Commands may see Can't find file: 't' (errno: 2)
errors. The solution is to restore the table with the missing fractal tree files and then execute a drop table
command.
Failure 2: A crash after step 1 and before step 2 completes will result in all of the storage engine state for the table being deleted but the table's FRM file still exists.
Commands may see Can't find file: 't' (errno: 2)
errors. The solution is to delete the FRM file by executing a drop table
command.
Failure 3: A concurrent query to the information_schema.tokudb_fractal_tree_info
may cause tokudb.delete_table
to fail for one of the partitions. drop table
will fail but the FRM still exists and only a subset of the fractal tree files still exist.
Create table as select
executes the following:
Step 1: MySQL creates the table's FRM file.
Step 2: The source tables are locked with TokuDB's external_lock
method which causes a root transaction for the statement to be started.
Step 3. The target table is created with the TokuDB's create
method for the target table. Rows are added to the tokudb.directory
and fractal tree files are transactionally created using the root transaction.
Step 4: start_bulk_insert
may use the TokuDB loader if the table is empty and the tokudb_prelock_empty
variable allows.
Step 5: write_row
will be called for each row being inserted into the target table.
Step 6: end_bulk_insert
may close the TokuDB loader if it is being used by this transaction.
Step 7: commit or rollback the root transaction.
Failure 1: If a crash occurs after step 1 completes, then there is a table with an FRM file but no files in the storage engine. All of the storage engine files and storage engine file maps should be rolled back.
Alter table drop partition
executes the following:
Step 1: MySQL creates and installs the new FRM file for the table
Step 2: MySQL updates ddl_log
.
Step 3: TokuDB deletes the partition table. This transactionally deletes the maps in the tokudb.directory
for the fractal trees and transactionally deletes the fractal tree files.
Step 4. MySQL updates ddl_log
again.
The TokuDB loader uses a merge sort algorithm to bulk load fractal tree files. While the TokuDB loader is in progress, there may be 2 fractal tree files: the original fractal tree file and the new fractal tree file that loader is writing new data into. The TokuDB loader will keep the new fractal tree file and unlink the old file when it successfully completes.
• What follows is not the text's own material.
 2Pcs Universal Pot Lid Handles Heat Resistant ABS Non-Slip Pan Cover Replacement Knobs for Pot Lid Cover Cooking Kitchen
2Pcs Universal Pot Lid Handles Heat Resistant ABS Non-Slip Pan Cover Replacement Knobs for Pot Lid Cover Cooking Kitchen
The use of the TokuDB loader is transactional with the following actions when the transaction completes:
Commit action: commit the file mapping to the new fractal tree file, and unlink the old fractal tree file.
Abort action: rollback the file mapping to the old fractal tree file, and unlink the new fractal tree file.
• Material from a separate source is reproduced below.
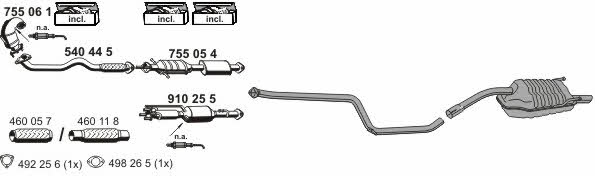Ernst 110014 Exhaust system 110014: Buy near me in Poland at 2407.PL - Good price!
Problem 1: Rows exist in the tokudb.directory
for fractal trees whose underlying data files do NOT exist in the MySQL data directory.
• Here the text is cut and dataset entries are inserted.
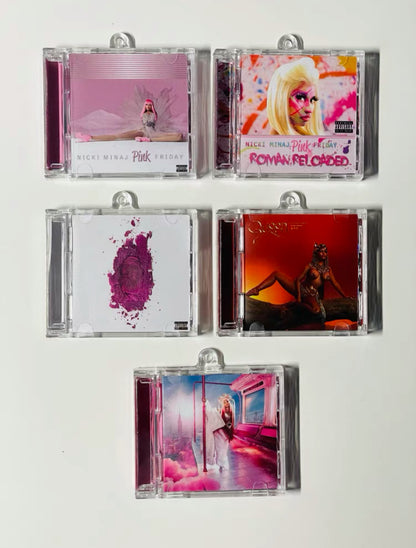 Nicki Minaj Mini CD  Keychain NFC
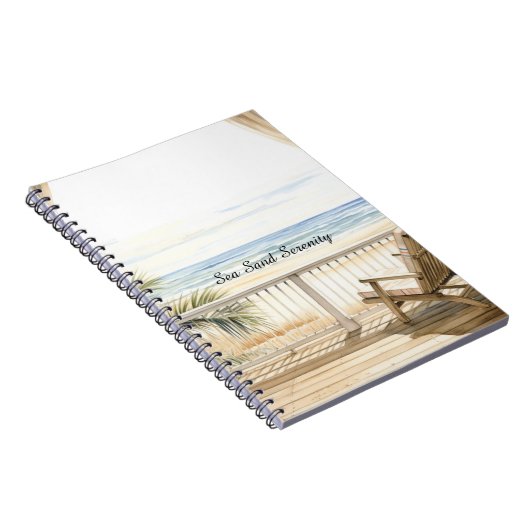Ocean View Beach Serenity ノートブック (右側)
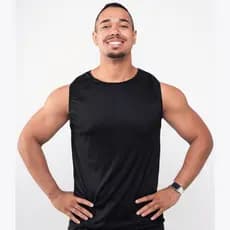 Regata Masculina Dryfit Preta Lisa Básica Treino Academia Confortável Camiseta Tecido Leve Slim Plus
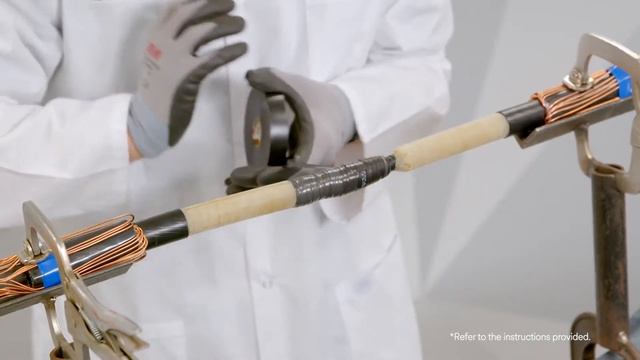 Scotch® Linerless Rubber Splicing Tape 130C – How To Apply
Problem 2: Fractal tree files exist in the MySQL data directory but there are no rows in the tokudb.directory
that map these files.
The fractal tree environment open
method could clean up the tokudb.directory
by deleting all rows that have missing fractal tree files. This would happen after recovery completes and could be disabled by default.
What to do with fractal tree files that have no map in the tokudb.directory
? These files can be identified by computing the set of all fractal tree files in the data directory and subtracting those fractal tree files that are in the tokudb.directory
. These files can simply be removed.